#### WHAT YOU NEED TO DO
Return the data below in full and exactly, except that the pictures are dropped.

PROVIDED RECORDS below:

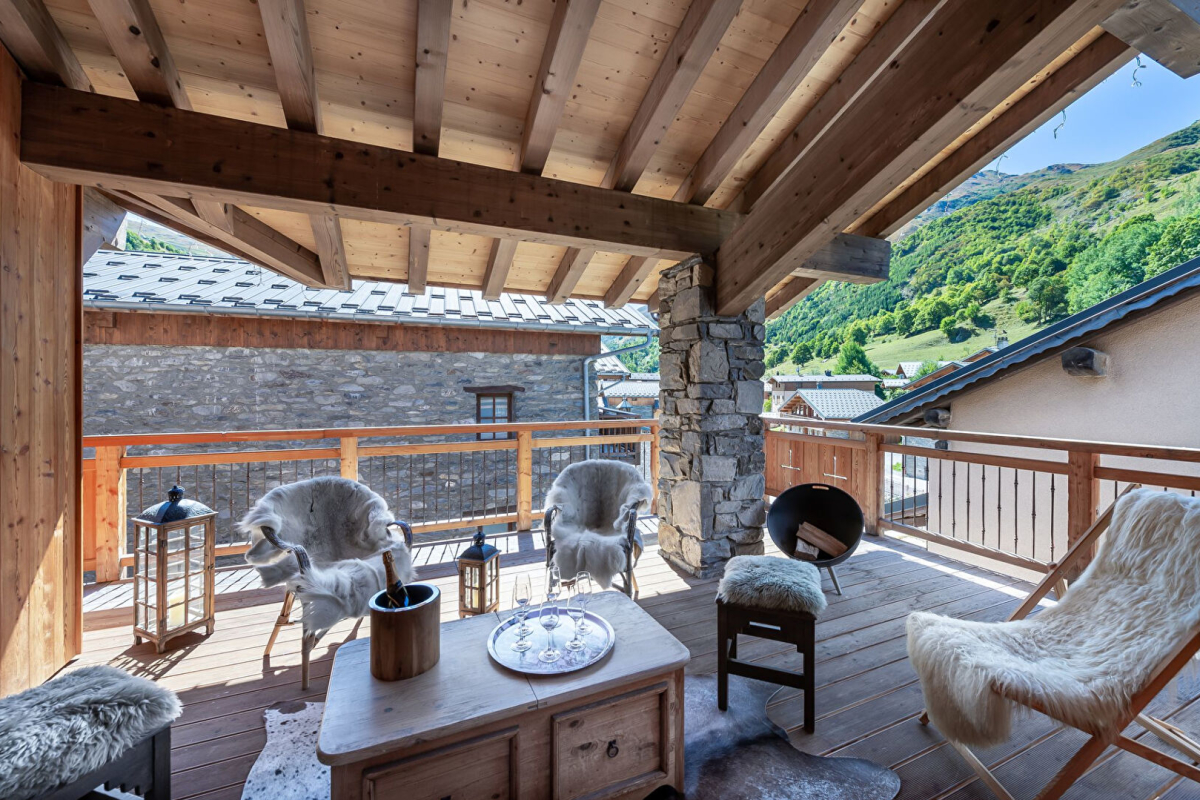 Appartement de luxe à vendre à Saint-Martin-de-Belleville, 1 900 000 €, Photo 5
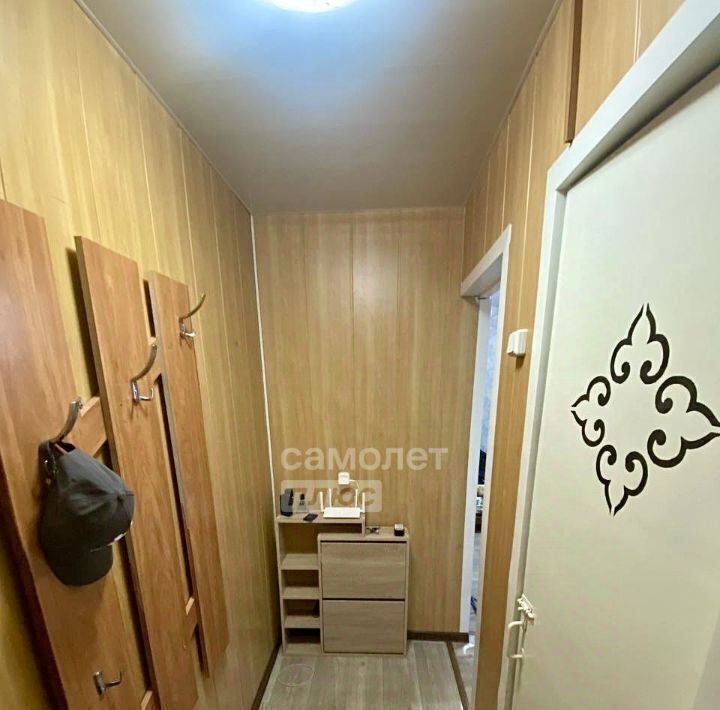 квартира г Брянск р-н Советский пр-кт Станке Димитрова 10 фото 7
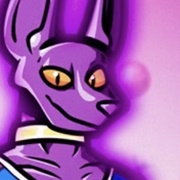 Uberocity as Lord Beerus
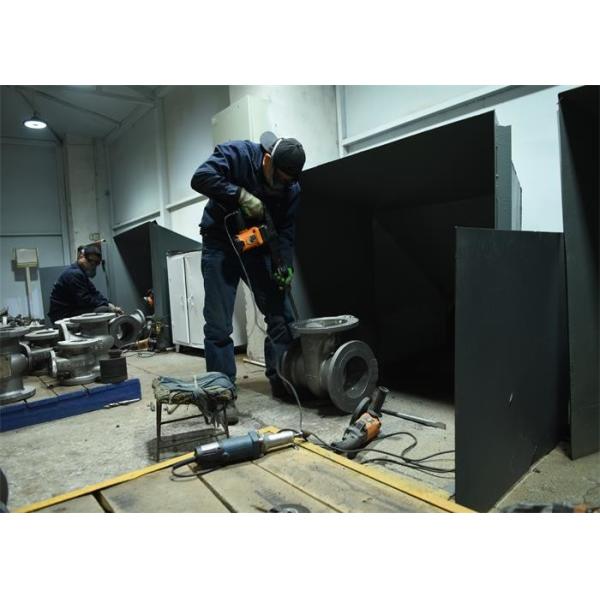 200X Pressure Reducing Water Conservancy Valve Ductile Iron Anti Erosion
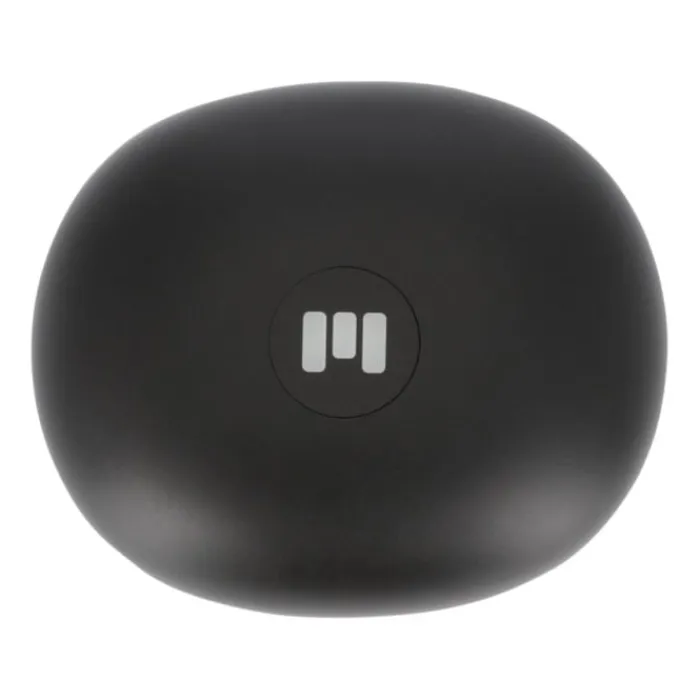 Miiego Ecouteurs Dans L´oreille^MiiBUDS PLAY II Noir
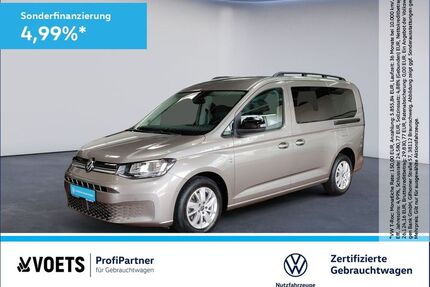 VW Caddy Maxi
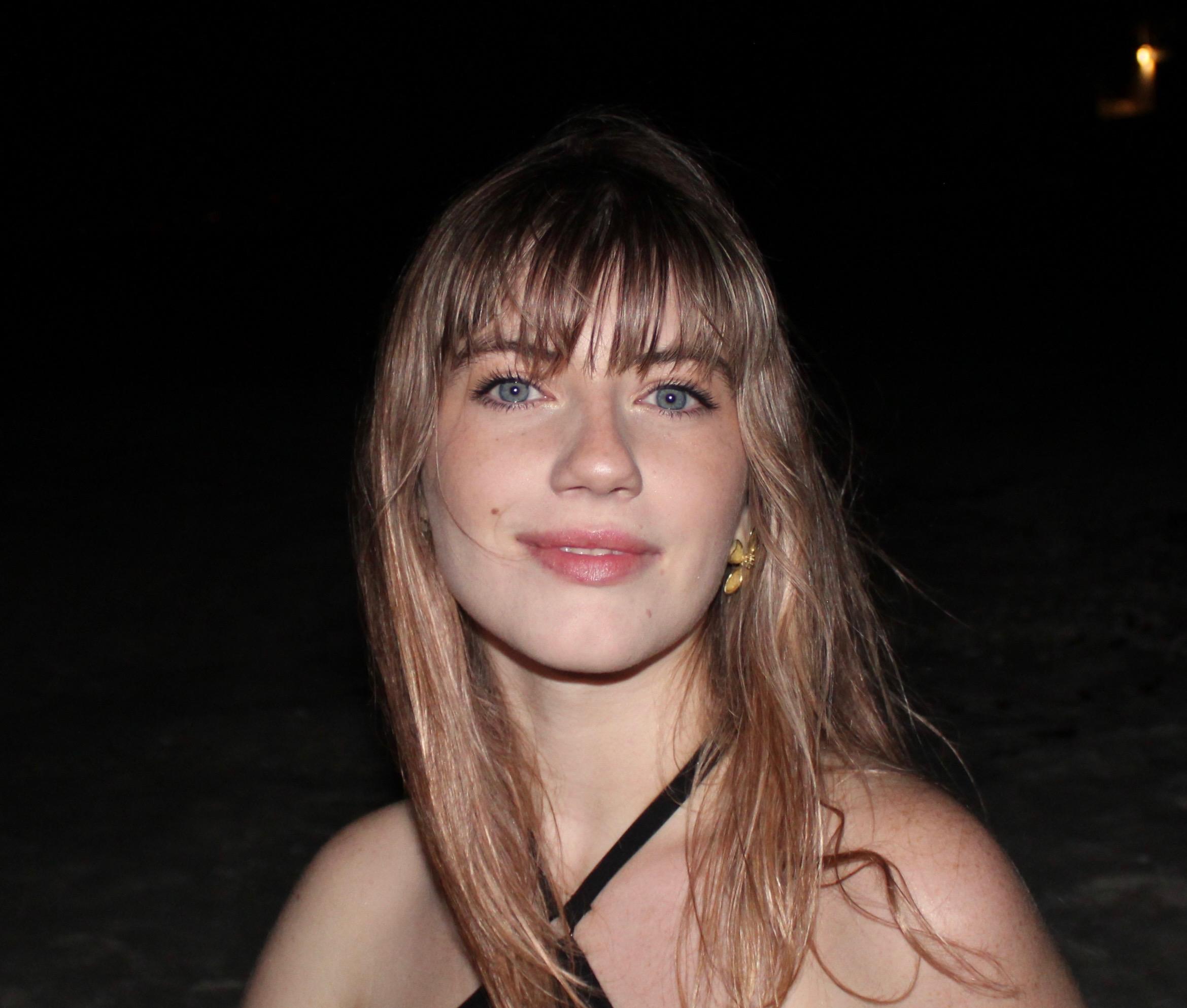 photo of journalist Jessica Bowlby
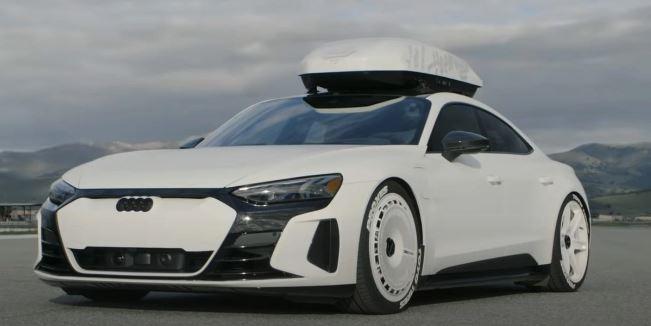 Revell: Audi RS e-tron GT - Car Kit News & Reviews - Model Cars Magazine  Forum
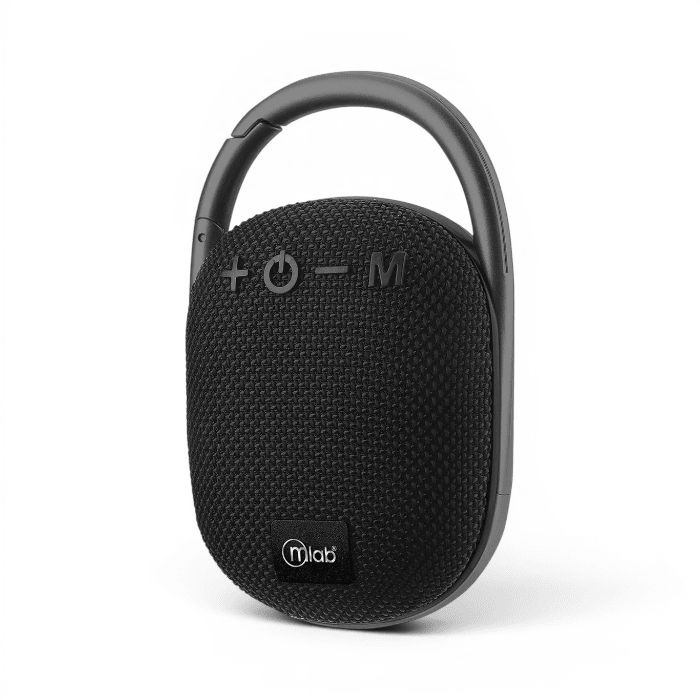Parlante Portátil Mlab Live Bass 09298 TWS Bluetooth 5.31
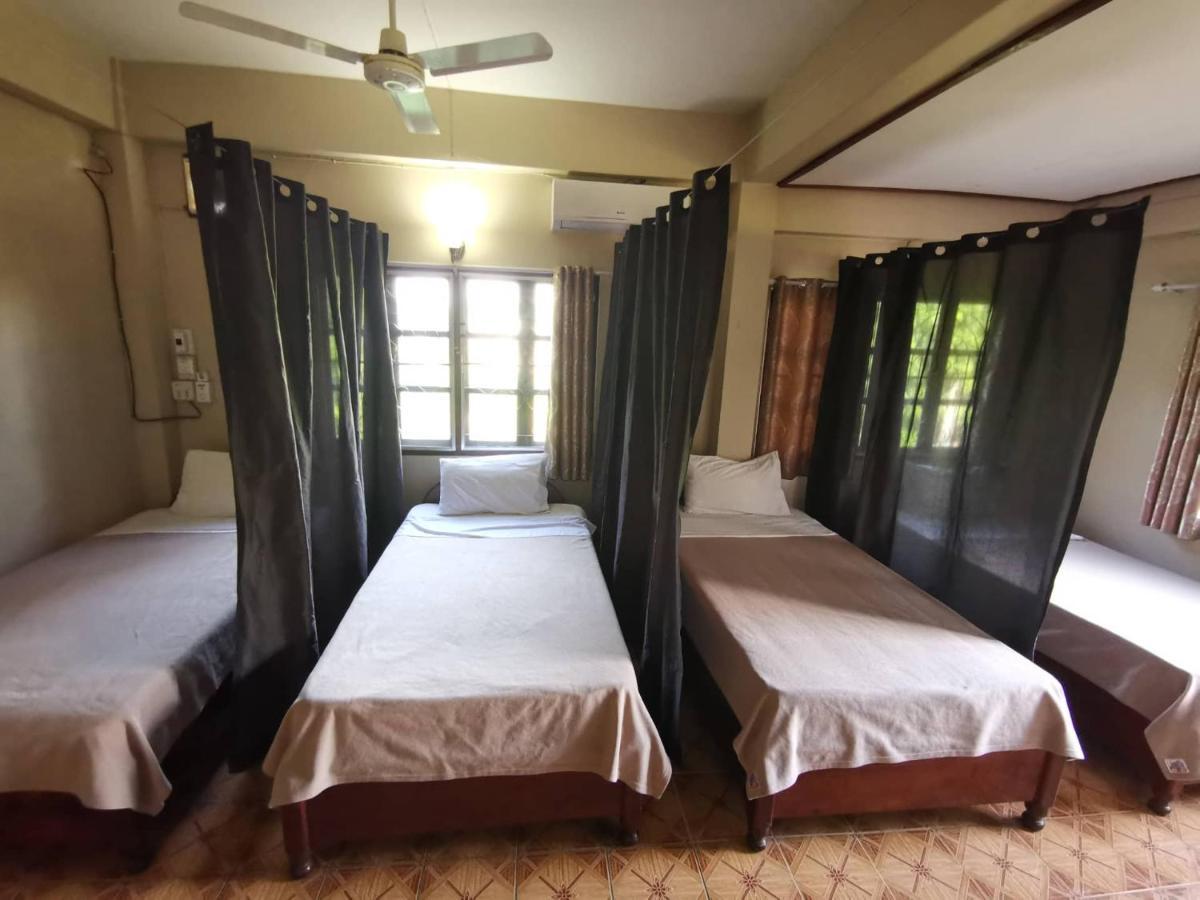 Manilath Guesthouse Хуайсай Екстер'єр фото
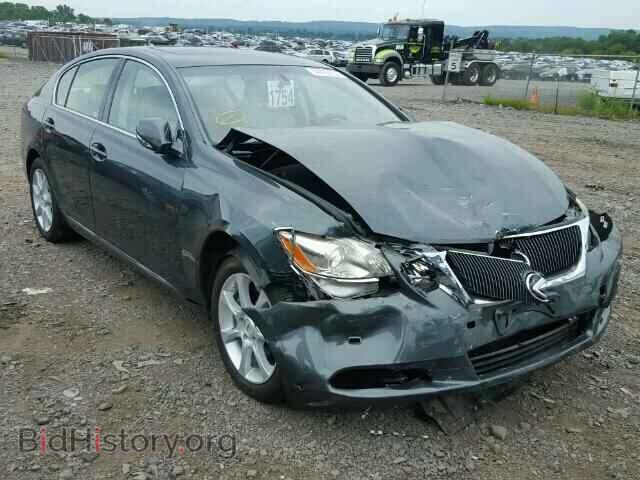 Фотография JTHCE96S890022982 - LEXUS GS350 2009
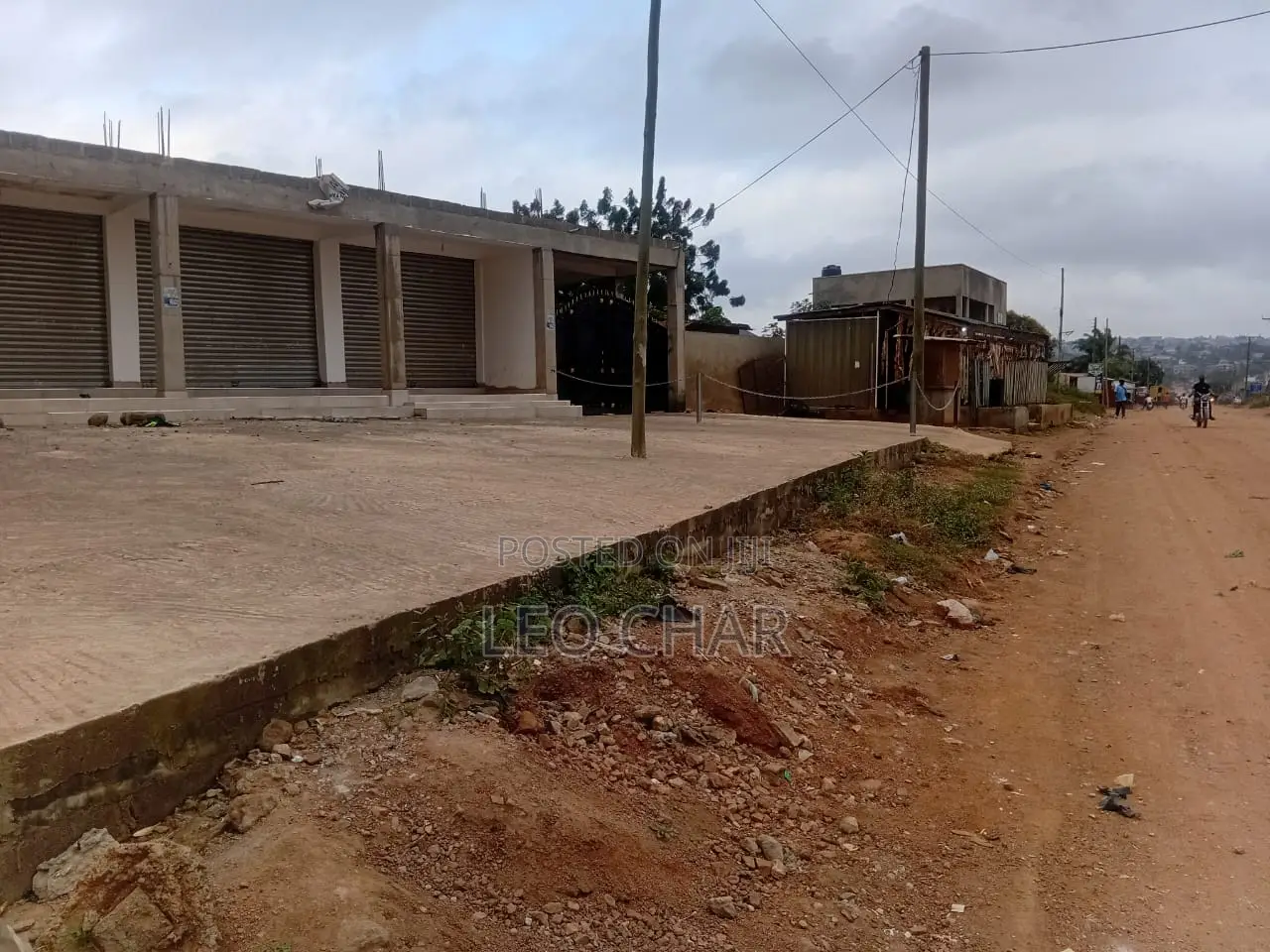 Shops for Rent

End of PROVIDED RECORDS.

#### RESPONSE TO THE EXERCISE
 Appartement de luxe à vendre à Saint-Martin-de-Belleville, 1 900 000 €, Photo 5
 квартира г Брянск р-н Советский пр-кт Станке Димитрова 10 фото 7
 Uberocity as Lord Beerus
 200X Pressure Reducing Water Conservancy Valve Ductile Iron Anti Erosion
 Miiego Ecouteurs Dans L´oreille^MiiBUDS PLAY II Noir
 VW Caddy Maxi
 photo of journalist Jessica Bowlby
 Revell: Audi RS e-tron GT - Car Kit News & Reviews - Model Cars Magazine  Forum
Parlante Portátil Mlab Live Bass 09298 TWS Bluetooth 5.31
 Manilath Guesthouse Хуайсай Екстер'єр фото
 Фотография JTHCE96S890022982 - LEXUS GS350 2009
 Shops for Rent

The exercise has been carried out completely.